Problem statement → When you transcribe the data below, reproduce every line exactly and leave each picture out.

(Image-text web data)

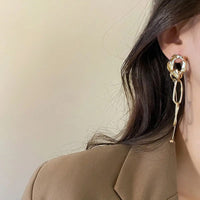 Thumbnail for Geometric Irregular Hoop Chain Tassel Flow Lava Earrings - ArtGalleryZen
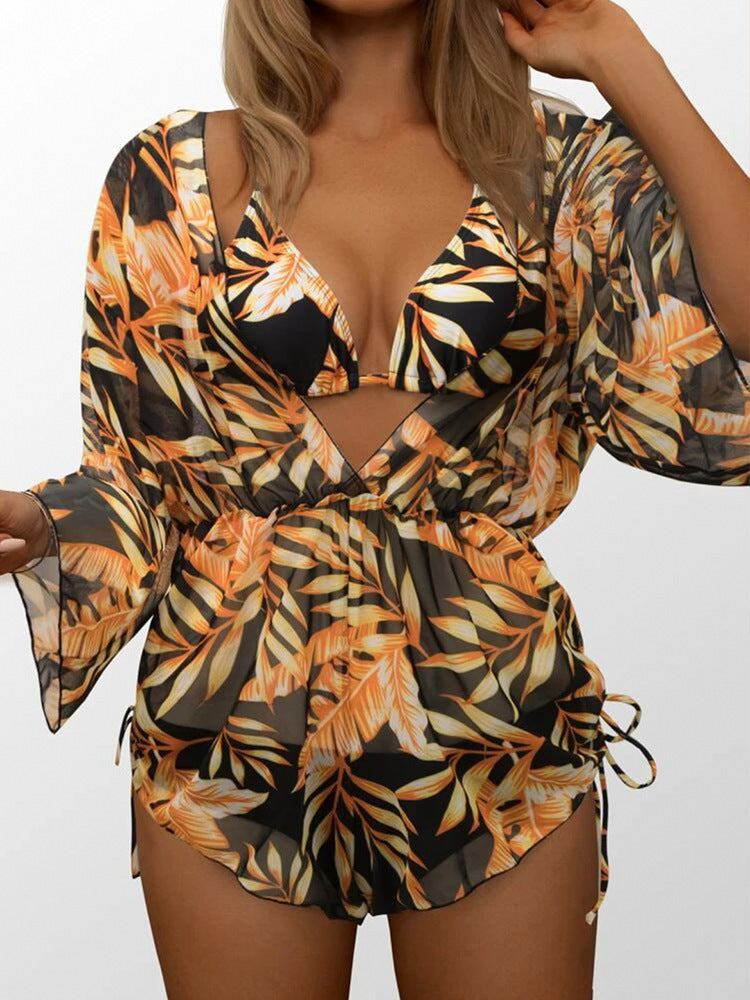 2026 New European and American Amazon Cross-border Three-piece Bikini Beach Sunscreen Printed Drawstring Blouse Swimwear for Women.           M.Esk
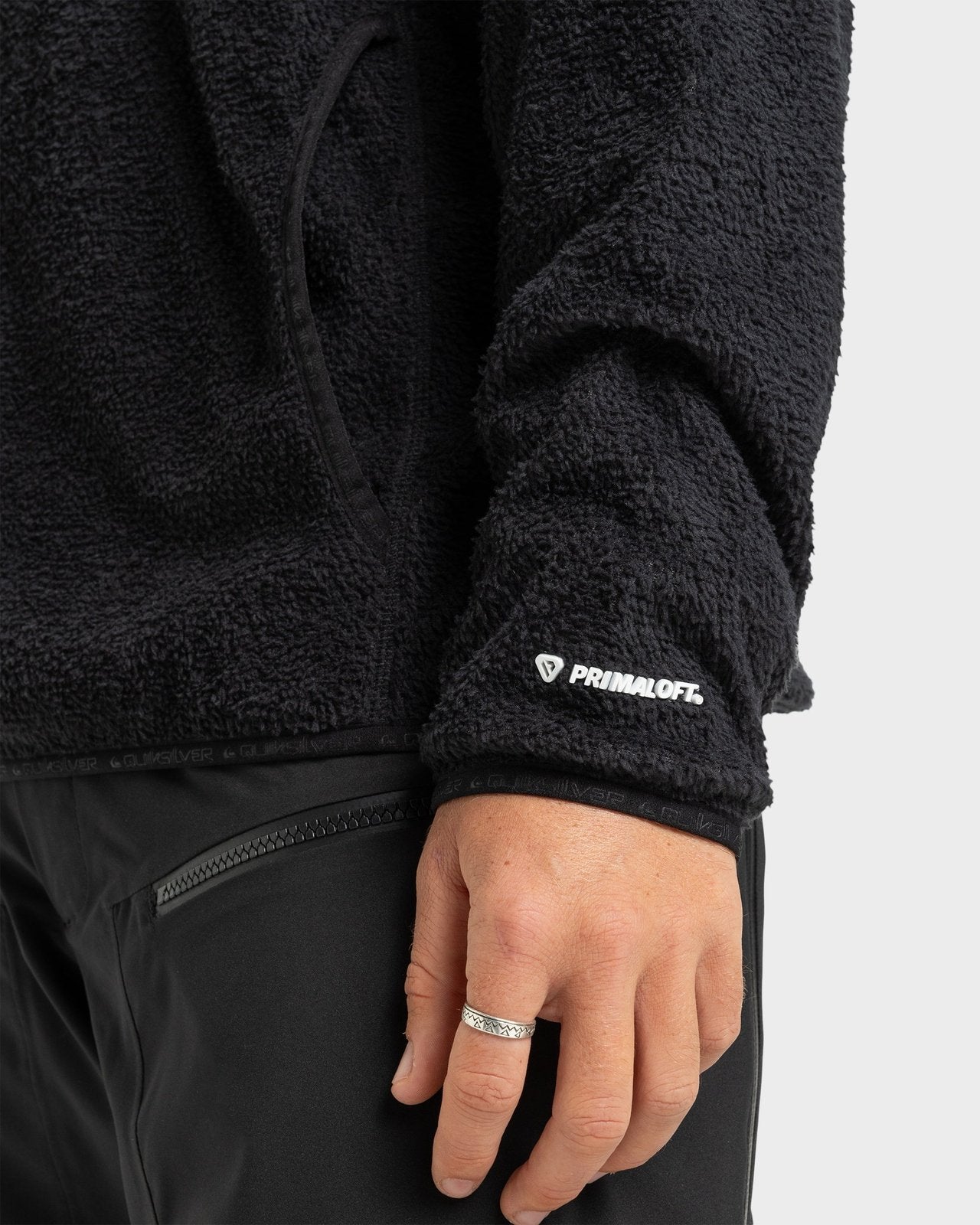 Mens Warm Up Pullover Hoodie Black - Image 5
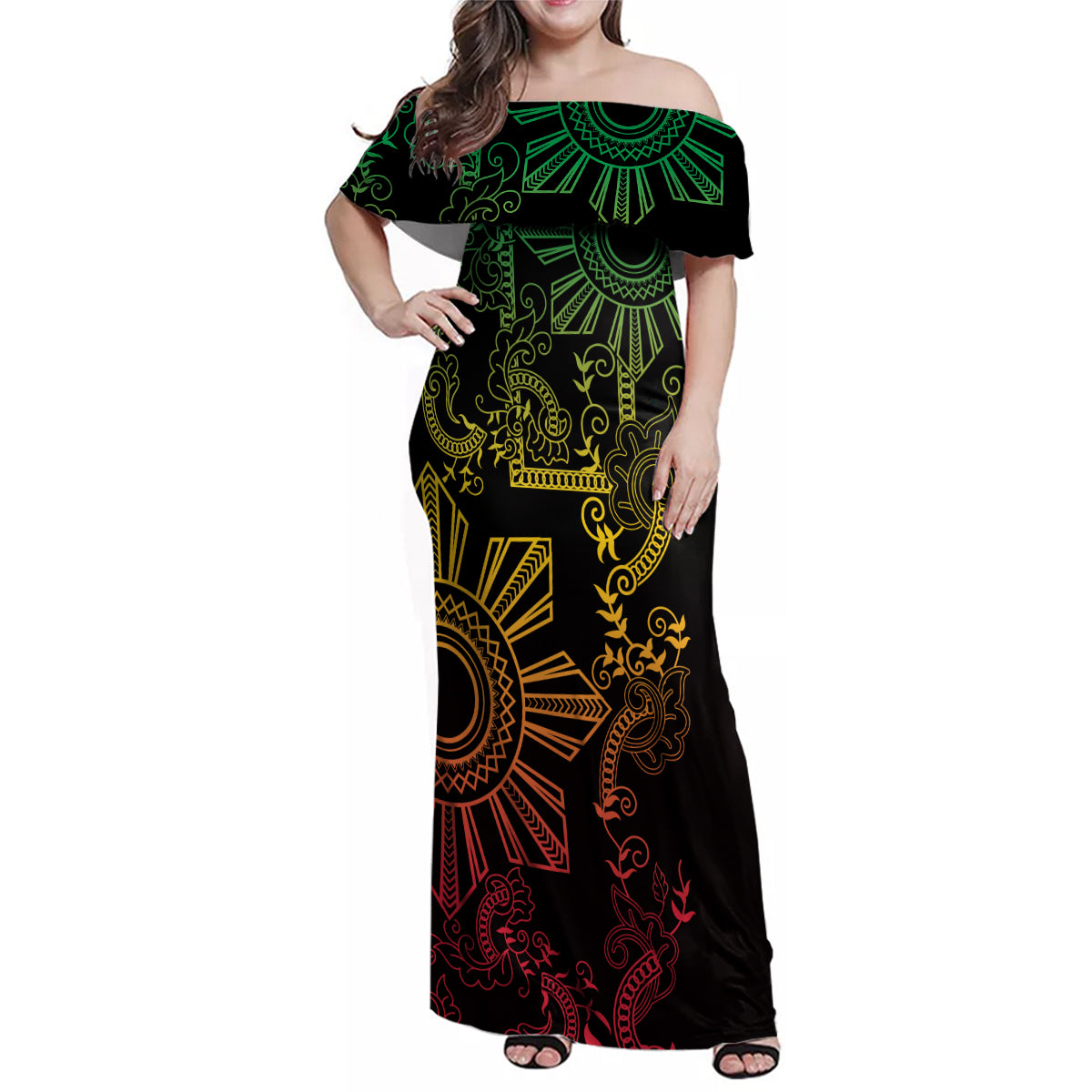 Filipino Sun Tribal Tattoo Family Matching Off Shoulder Maxi Dress and Hawaiian Shirt Philippines Inspired Barong Reggae Art LT9 - Wonder Print Shop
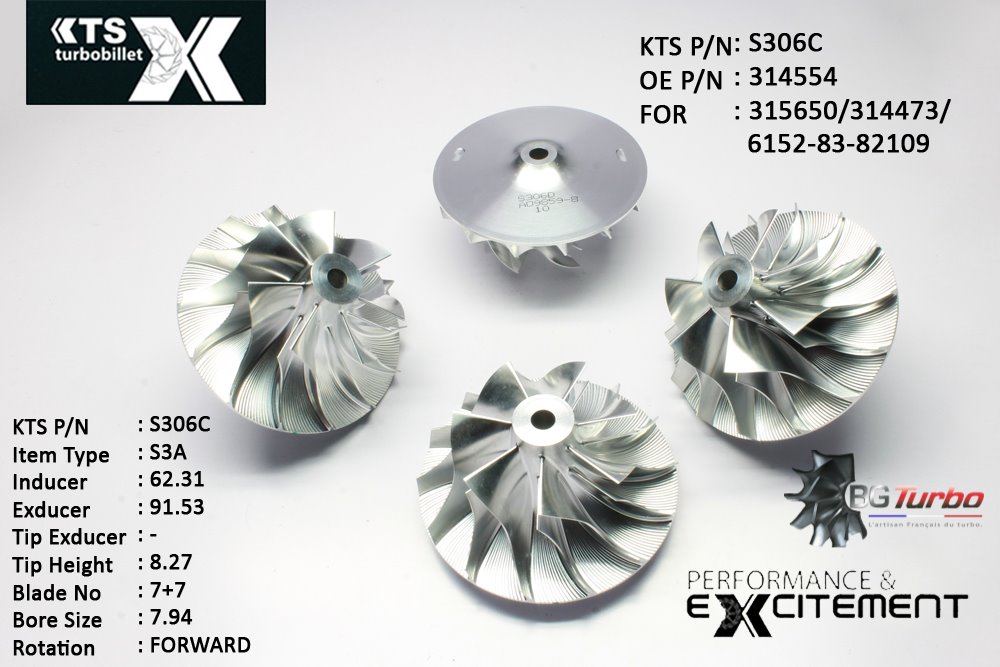 Turbo ROUE FORGÉE MFS PERFORMANCE - 7+7 PALES - INDUCER : 62,31 - EXDUCER : 91,53 - TYPE : S3AANGLE : 65° - ROTATION : Forward - SUPER BACK : 8,38 - BORE SIZE : 7,94
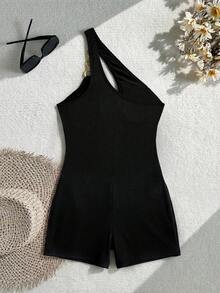 Sexy Fashion Versatile One Shoulder Hollow Out Ribbed Jumpsuit With Metal Decor, New Arrival Spring/Summer Black - Black - View 6
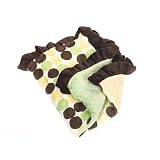 Microfiber Baby Blanket - Brown & Green Dots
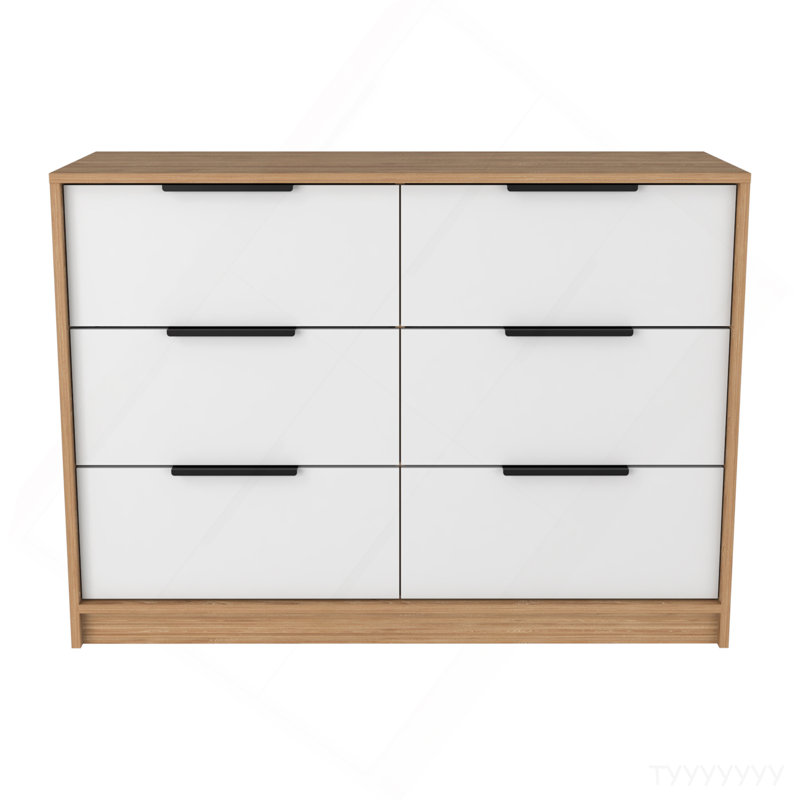 Commode 4 tiroirs, plateau supérieur - pin / blanc, Pin / blanc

Output →
 Thumbnail for Geometric Irregular Hoop Chain Tassel Flow Lava Earrings - ArtGalleryZen
 2026 New European and American Amazon Cross-border Three-piece Bikini Beach Sunscreen Printed Drawstring Blouse Swimwear for Women.           M.Esk
 Mens Warm Up Pullover Hoodie Black - Image 5
 Filipino Sun Tribal Tattoo Family Matching Off Shoulder Maxi Dress and Hawaiian Shirt Philippines Inspired Barong Reggae Art LT9 - Wonder Print Shop
 Turbo ROUE FORGÉE MFS PERFORMANCE - 7+7 PALES - INDUCER : 62,31 - EXDUCER : 91,53 - TYPE : S3AANGLE : 65° - ROTATION : Forward - SUPER BACK : 8,38 - BORE SIZE : 7,94
 Sexy Fashion Versatile One Shoulder Hollow Out Ribbed Jumpsuit With Metal Decor, New Arrival Spring/Summer Black - Black - View 6
 Microfiber Baby Blanket - Brown & Green Dots
 Commode 4 tiroirs, plateau supérieur - pin / blanc, Pin / blanc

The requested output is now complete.